[Dataset records]
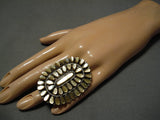 Important Vintage Native American Zuni Griffin Tsabetsaye Pearl Sterling Silver Ring Old-Nativo Arts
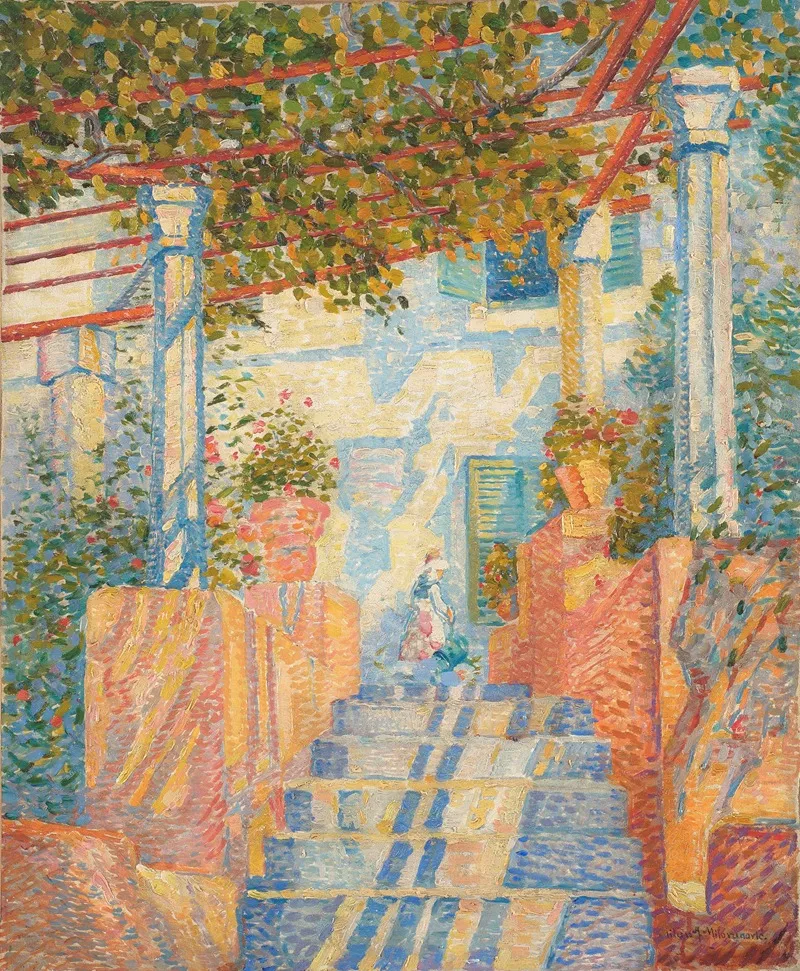 Red Terrace by Milan Milovanović - Canvas Print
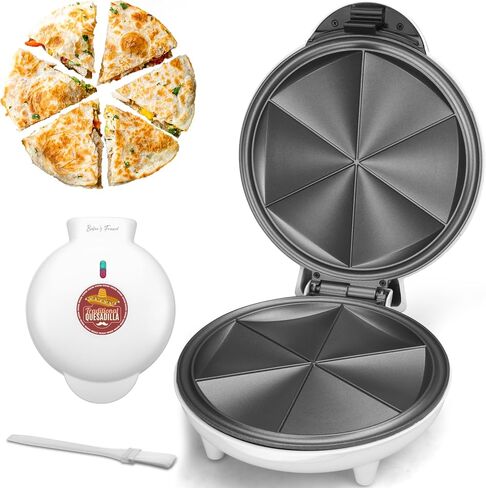 Baker's Friend Electric Quesadilla Maker with Extra Stuffing Design, 9.5 Inch with Easy Slice 6 Wedge, Non Stick Surface, Non-Slip Feet, Grilled Cheese Maker Machine, White in Saudi Arabia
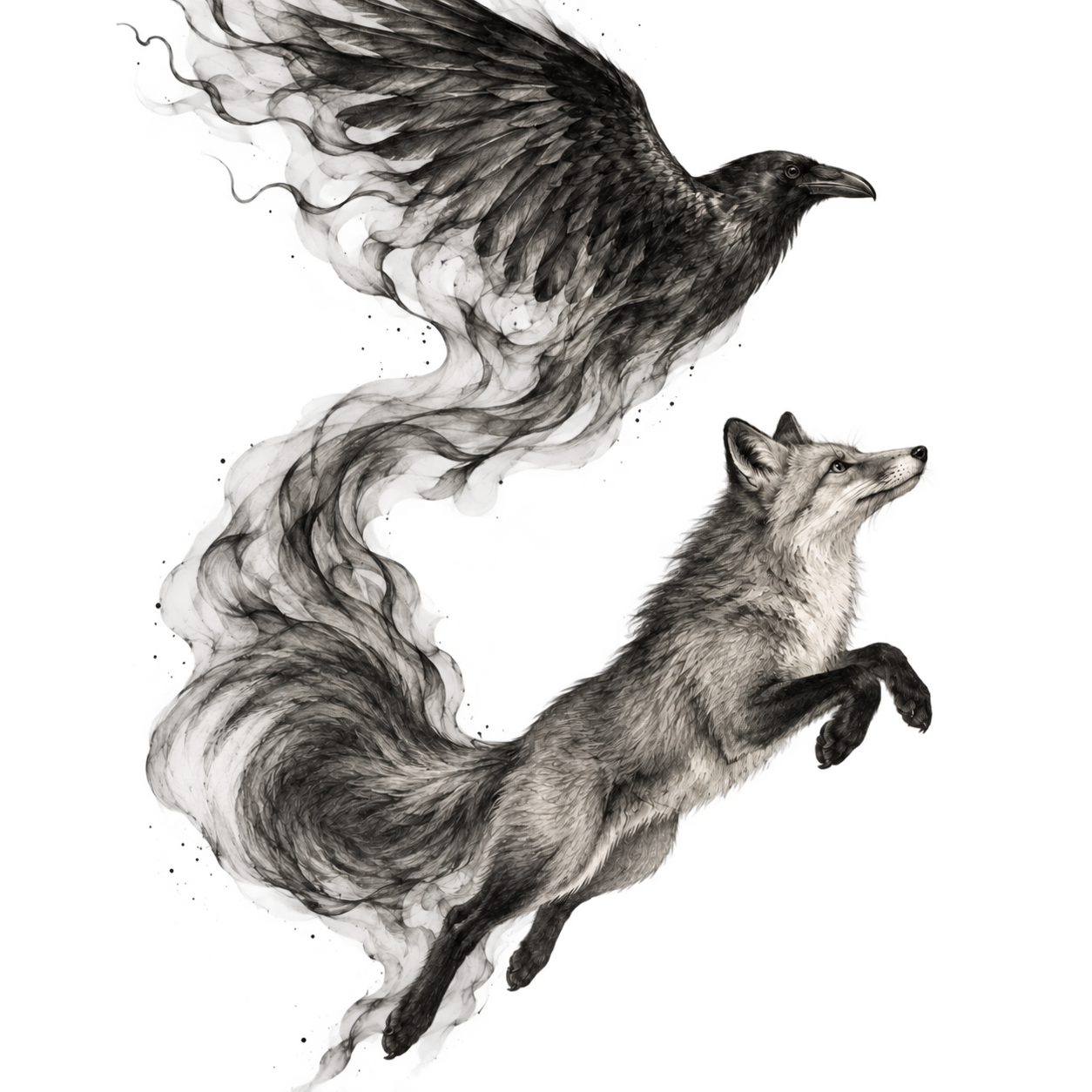 An ink illustration of a leaping fox beneath a raven, their tails and wings dissolving into flowing brushstrokes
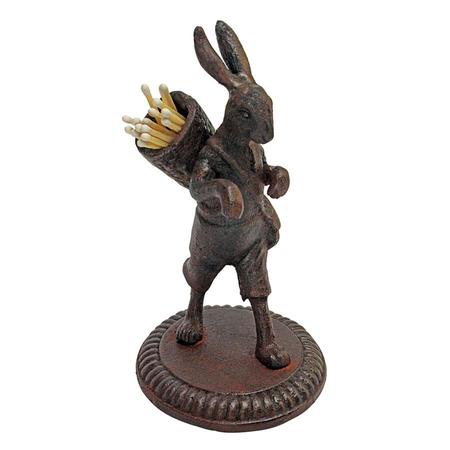 DESIGN TOSCANO The Wandering Rabbit Cast Iron Matchstick Sculpture SP1341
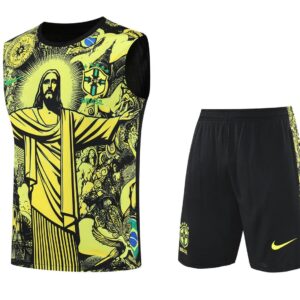 Brazil 2025-26 Yellow Jesus Graphic Vest Training Kit
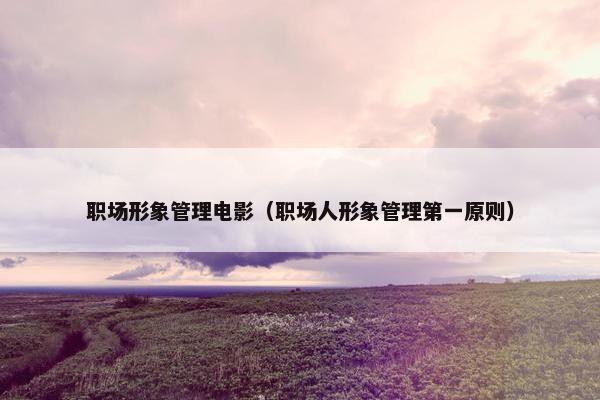 职场形象管理电影（职场人形象管理第一原则）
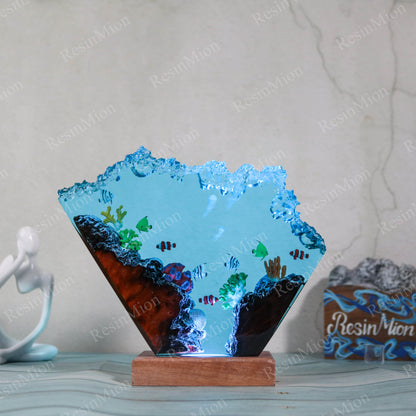 Ocean resin lamp.  Fish world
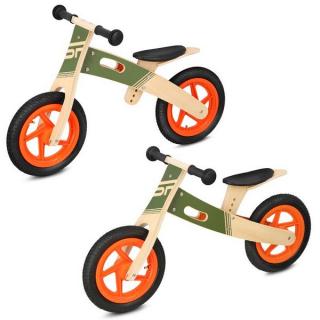 Dětské dřevěné odrážedlo 2v1 WOO-RIDE DUO - khaki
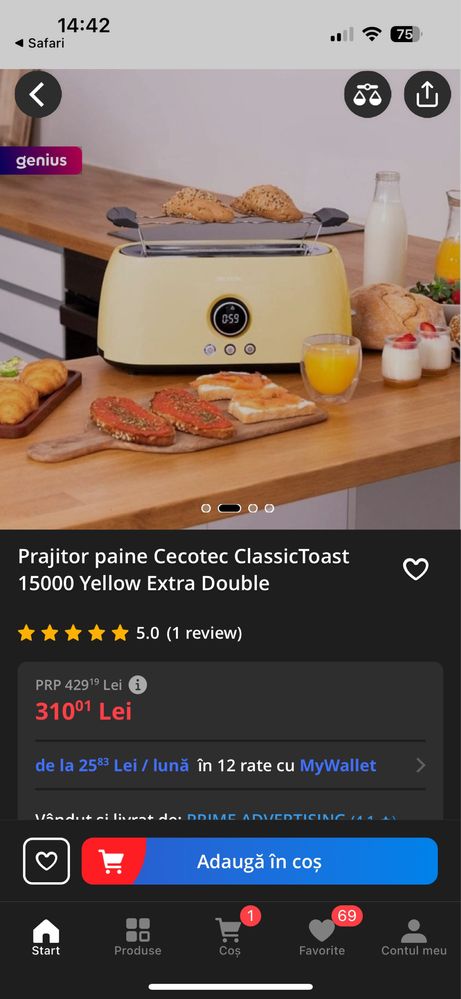 Prajitor paine Cecotec ClassicToast 15000 Blue Extra double Sigilat!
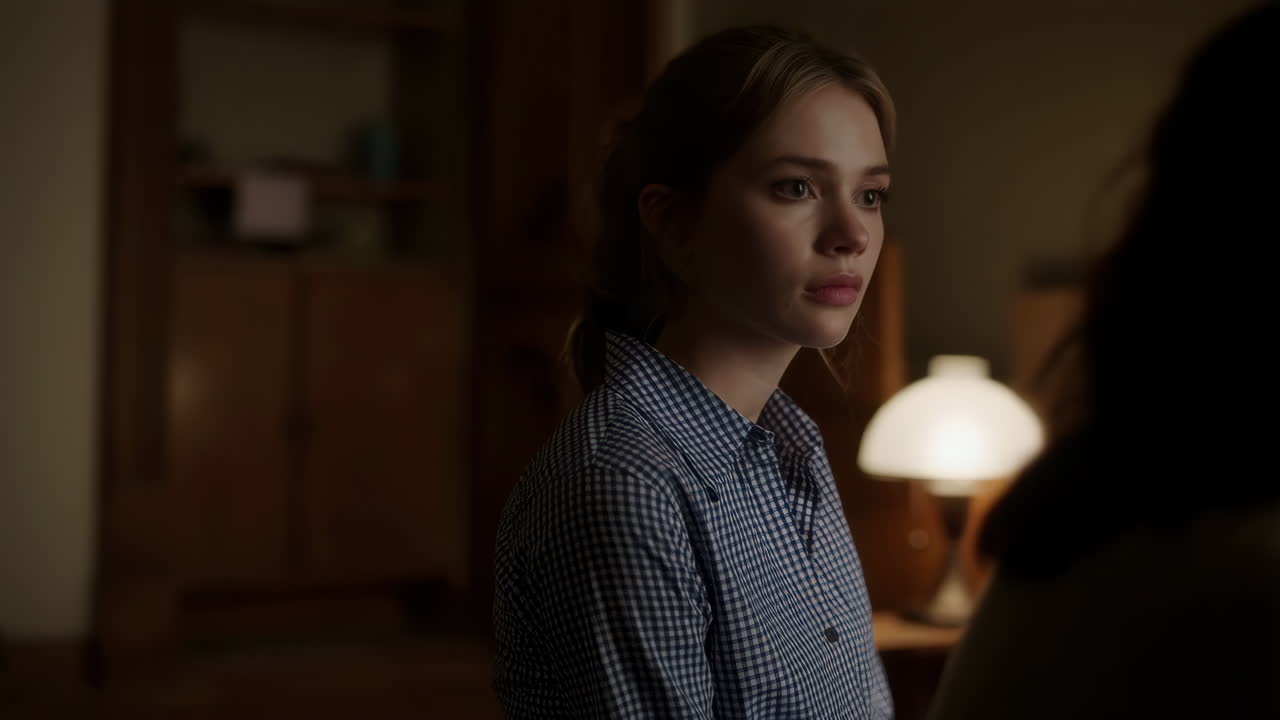 Young Woman with Pensive Expression in Dimly Lit Room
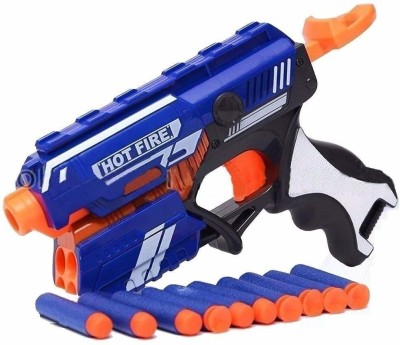 Toyporium Blaze Storm Soft Bullet Gun Shooting Gun Toys with 10 Foam Bullets Guns & Darts(Blue)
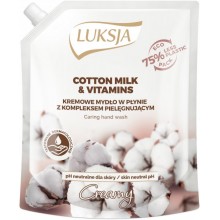 Рідке крем-мило Luksja Cotton Milk & Vitamins дой-пак 900 мл (5900998004897)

**Task details**
Output each record above word for word, leaving out images.

**Solution to the problem**
 Important Vintage Native American Zuni Griffin Tsabetsaye Pearl Sterling Silver Ring Old-Nativo Arts
 Red Terrace by Milan Milovanović - Canvas Print
 Baker's Friend Electric Quesadilla Maker with Extra Stuffing Design, 9.5 Inch with Easy Slice 6 Wedge, Non Stick Surface, Non-Slip Feet, Grilled Cheese Maker Machine, White in Saudi Arabia
 An ink illustration of a leaping fox beneath a raven, their tails and wings dissolving into flowing brushstrokes
 DESIGN TOSCANO The Wandering Rabbit Cast Iron Matchstick Sculpture SP1341
 Brazil 2025-26 Yellow Jesus Graphic Vest Training Kit
 职场形象管理电影（职场人形象管理第一原则）
 Ocean resin lamp.  Fish world
 Dětské dřevěné odrážedlo 2v1 WOO-RIDE DUO - khaki
 Prajitor paine Cecotec ClassicToast 15000 Blue Extra double Sigilat!
 Young Woman with Pensive Expression in Dimly Lit Room
 Toyporium Blaze Storm Soft Bullet Gun Shooting Gun Toys with 10 Foam Bullets Guns & Darts(Blue)
 Рідке крем-мило Luksja Cotton Milk & Vitamins дой-пак 900 мл (5900998004897)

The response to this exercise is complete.